What Is Dysbiosis?
What is dysbiosis? Dysbiosis is a term for a microbial imbalance that most often affects a person’s gut or intestinal tract.
Dysbiosis is also sometimes called dysbacteriosis or bacterial dysbiosis. That is because the gastrointestinal tract (GI tract) contains both “good” and “bad” bacteria to form the gut flora—also called the gut microbiota.
But, other tiny organisms also reside in the gastrointestinal tract, including yeast, fungus, viruses, and parasites.
That being said, dysbiosis can also affect the skin, eyes, lungs, ears, nose, sinuses, nails, and vagina.

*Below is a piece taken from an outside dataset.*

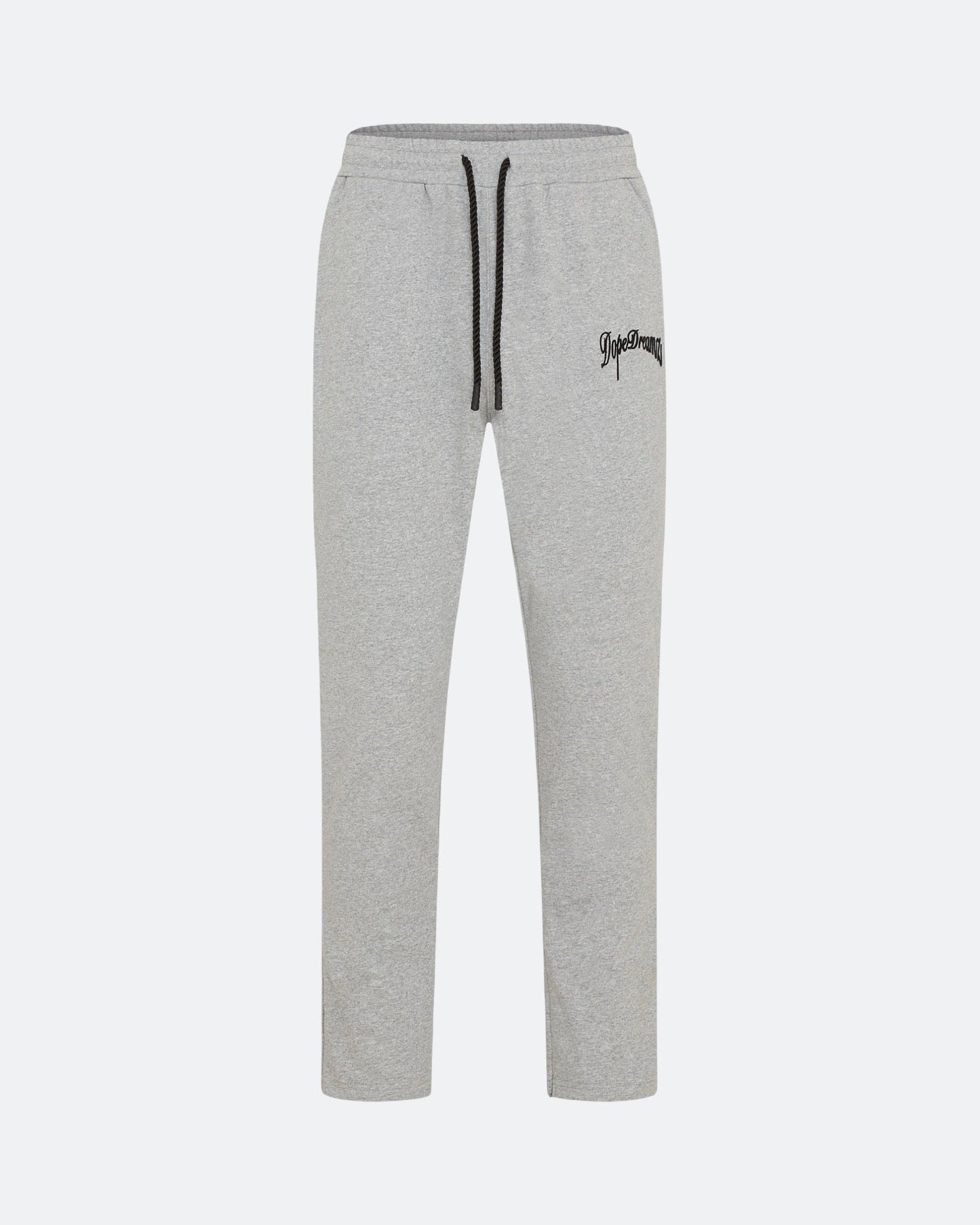 Grey joggers with 3D embroidered back logo against a white background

The dysbiosis pronunciation is “diss-bi-osis.” Russian-born microbiologist and zoologist, Dr. Elie Metchnikoff, would first coin the term in the 20th century.
Dr. Metchnikoff is the first scientist to discover the impact of the properties of probiotics—also known as that “good bacteria.” The terms “dys” and “symbiosis” translate to “not living in harmony.”
In This Article:
- Link between the Digestive System and Dysbiosis
- What Causes Dysbiosis?
- Signs and Symptoms of Dysbiosis
- Health Conditions Associated with Dysbiosis
- Complications of Dysbiosis
- Dysbiosis Diagnosis Tests
- Natural Treatment Option for Dysbiosis
- Can a Dysbiosis Cleanse Help?
- How to Prevent Dysbiosis
- Lifestyle Changes for Dysbiosis
- Dysbiosis: Key Points to Remember
Link between the Digestive System and Dysbiosis
The gut, or GI tract, has three major roles: the absorption of nutrients, the digestion of foods while converting food into vitamins, and the prevention of toxins and pathogens from entering your body. There are approximately 500 species of bacteria that make up “the gut flora.”

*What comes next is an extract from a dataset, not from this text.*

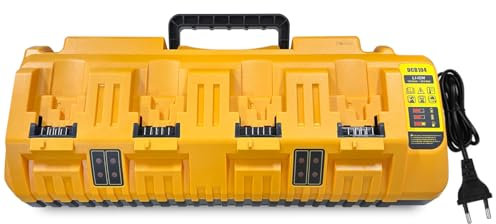 4 Ports Multi-Schnellladegerät Kompatibel mit Dewalt, für Dewalt 18V -22V Lithium-Batterie, Mit 2 USB Schnellladegerät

When the gut flora is balanced, it is called “orthobiosis,” which again is a term introduced by Dr. Metchnikoff in the early 1900s. He considered dysbiosis so serious that he also said, “death begins in the gut.”
The issue here is that not all of the friendly organisms in the gut flora are “friendly.” In fact, when there is an overgrowth of bacteria, parasites, fungus, yeast, or other organisms, it can lead to dysbiosis.
Common bacterial dysbiosis causes include E. coli (Escherichia coli), H. pylori (Helicobacter pylori), and Clostridium difficile. Parasitic dysbiosis may be caused by protozoa, tapeworms, flukes, and other parasites. Fungal dysbiosis can be caused by a number of Candida species, especially Candida albicans.
Having too many of these intestinal pathogens can prevent you from digesting your food properly. As a result, food will ferment and putrefy, and the bad bacteria will grow and multiply.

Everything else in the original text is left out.